Sign up for the free insideBIGDATA newsletter.

Comments

  1. Changes in analytics industry well articulated (better than many of those papers / quora posts on “Machine Learning” vs. “Traditional Statistics”, etc.). However, not sure if majority of problems in “new world of digital” fall in classification domain? Logistic regression is passe because most “Big Data” production systems (some can) cannot implement the algorithm at real time speeds, and customer level predictions are not required in this environment largely.

    • Dear Amit,
      Thank you for your rather astute observations. You are absolutely correct. All problems in digital are not classification problems – take for example, the case of attribution. If you consider it at a visitor level, it is a classification problem where the outcome variable is a binary (0=not-convert/1=convert) attached to each visitor. If however, you consider attribution rolled up to the channel/feature level, we have a continuous dependent variable (total number of conversions at every time instance). In either case, logistic regression is not the most effective technique. In the former, we have ‘time’ element making it essentially a panel(=mixed effects, plus non-independence at every visitor level), while in the latter often the total data points are so less (businesses typically have 2-3 years of weekly data), one has to resort to sample augmentation based techniques such as bagging and random forests. Please stay tuned for our next publication which addresses this issue:) And your comment on the ‘real-time’ nature of problems making logistic regression passe is spot-on.

  2. Hi Smita,
    Superb article,big data area well articulated.
    Machine learning and Bayesian classification Models are primarily focussed on domain like ecommerce as of now .
    I know for sure banks still use logistic for their modelling traditionally for behavioural score card ,risks etc
    Banks with a slow pace trying to look into unstructured data which is handled more with Python and Perl for consumer sentiment and how this can help in revenue generation or enhancement or complete Revolution

    I’m building a similar platform for Customer Target Model

    Thanks
    Mahendra

    • Thank you so much for liking the article and for resonating with our thoughts. Seems like you have made the transition to the ‘other side’…congratulations!

  3. Abhishek says:

    Here in this article , I beg to differ , I don’t think logistic is dead or irrelevant…. you are simply comparing a bigger business problem these days , which is of classification, hence new techniques are required for this purpose. Since the problem focus has changed doesn’t mean older technique is obsolete …just not getting that high priority for the business.
    For a real data scientist no technique dies ever …because maths is universal truth ……we figure out smarter and powerful variants of existing ones ….I remember developing logistics model with adaptive variables which worked pretty well in real time scenario.

    • Hi Abhishek,
      I think you answered your own question. In the article we are trying to point out why the job market is paying a significant premium to machine learning specialists over traditional statisticians/econometricians. The math or technique is not dead…but the demand for those techniques is definitely on a steady decline …and the some of the reasons for that is cited in the article..

  4. David Jones says:

    What’s the reason for not running classification models, machine learning models etc in SAS ?? They’ve spent 40 years in developing those .. sounds like a rather bizarre statement saying their days are over

    • Hi David,
      The article aims to point out the change in shift of employer preferences in desirable skill-sets in the US market and the reasons for this shift. A lot of this shift stems from the adoption of open-source technologies. Even a giant like Walmart is moving away from SAS and into R. And there is no denying the fact that these newer skill-sets demand a significant premium in the market compared to the traditional SAS users, quite like SAS users used to about a decade ago..

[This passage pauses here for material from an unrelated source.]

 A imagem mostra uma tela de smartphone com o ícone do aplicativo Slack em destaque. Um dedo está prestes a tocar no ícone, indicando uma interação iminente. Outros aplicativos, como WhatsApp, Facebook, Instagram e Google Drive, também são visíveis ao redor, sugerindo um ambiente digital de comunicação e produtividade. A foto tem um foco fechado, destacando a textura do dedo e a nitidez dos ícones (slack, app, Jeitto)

  5. @David, I am a SAS devotee for the last 15 years – pretty much built my career with SAS a companion. These days even I am *having* to use R in connection with machine learning because SAS simply does not have any structured module for such things as random forests, nothing that will compare with the neat R packages.
    Also, one of the things that is really hurting SAS over the last few years is the inordinately high price tag. Compare this with R which is free.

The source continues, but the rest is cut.